I can't stop watching this Japanese show where they send babies alone on errands. It's called Old Enough. Like they ask a two year old to go pick up her mother's watch. Like across some streets, and down a block. I don't want to watch it but babies are cute and the reasoning behind the show is so wrong. It's like twisting yourself to look in a shoe mirror.
I think that's why I can't stop watching. What do people do when they're shoved out unprepared and without the actual brain and deduction even wired in.
I was walking down the garage stairs from physical therapy where Joe Ho real name mangled my fingers like he was twisting a whale into salt water taffy. I was thinking as I went from the broccoli level to the red pepper level (the builders were hungry when they named the floors) about this flood of sadness I sometimes get, like when my mom tips out of her wheelchair onto her head and I'm watching it happen, in slow motion, and she's all bloody but she's ok, then later I can't stop crying because I'm not old enough. I mean, aside from this immensity of caring for a vulnerable mother, who let me have a car?
I need to shout out to all you people out there who already lost their parents. How are you doing it? I am still that two year old Japanese kid just walking around bewildered looking for the watch shop. Just wanting to be back where my mom's safe arms are. Where she used to melt crayons so we could do art. Where nothing big ever happened, just a regular day. Like geese resting on a wide, still lake. Because it's restful, no rushing off. Stay, is the word she still says.

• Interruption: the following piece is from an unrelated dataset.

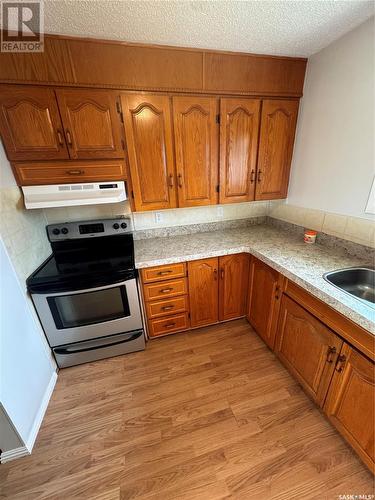 113 12Th Street, Weyburn, SK - Indoor Photo Showing Kitchen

On the drive home with my throbbing hand I saw a big truck carrying about a hundred sandwiched flattened cars all stacked up neatly like a salami car sandwich piled for filing into the recycle car pit or the molten metal machine or whatever they do with them. I thought well, there we all go. That's pretty much it.

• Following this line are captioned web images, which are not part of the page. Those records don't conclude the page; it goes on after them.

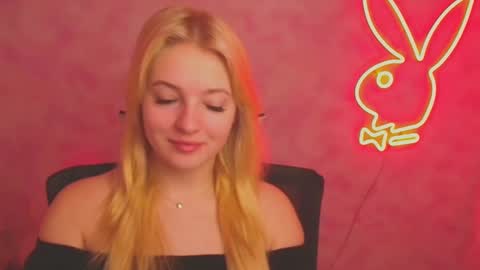 Snapshot of _mila_la_ chatting on March 2025 06:53:02 AM Melanie online show from March 2025 06:53:02 AM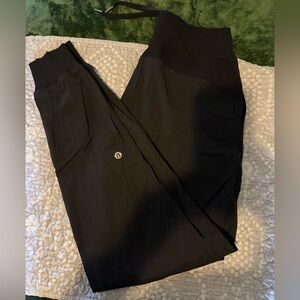 Lululemon studio joggers pants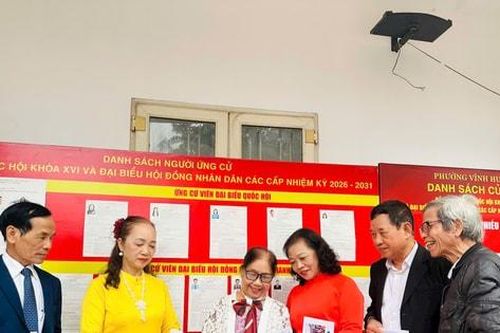 Khi những vần thơ trở thành nhịp cầu tuyên truyền bầu cử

So I cry sometimes, and I text my little daughters and tell them I'm proud of them. I'm sad but taking care of mom and the house keeps me busy enough that I don't feel the sad except in little leaks that get through and sometimes it's a deluge. I'm not trying to block my life, only sandbag some of it. Only because the love is so big, always has been too big for me to control very well. So I slop some over here, and mess up this little portion, or write a gay western or channel it toward someone who's flailing or if there's nowhere else it ends up in food or jellybeans.
I'm guessing this is just life then. As Joe Ho said, when he gets home he just watches Family Feud for two hours. Not really for the game but for what the people say. What weird answers they give to basic random questions. I like to think of young Joe, with his hairless sloping arms like a gentle muscly tan man sculpture, not able to get off the couch after a day of mangling people's broken parts. To try and fix.
Play, mangle, couch, tend, cry, eat tuna, repeat.
But don't forget there's a quiet best thing
Outside, the blanket of sunlight on the trees filtering at about 5 pm, maybe 6. The magical starlight that is there for almost a whole few minutes of true golden. It warms, glistens, glows radiance and then disappears.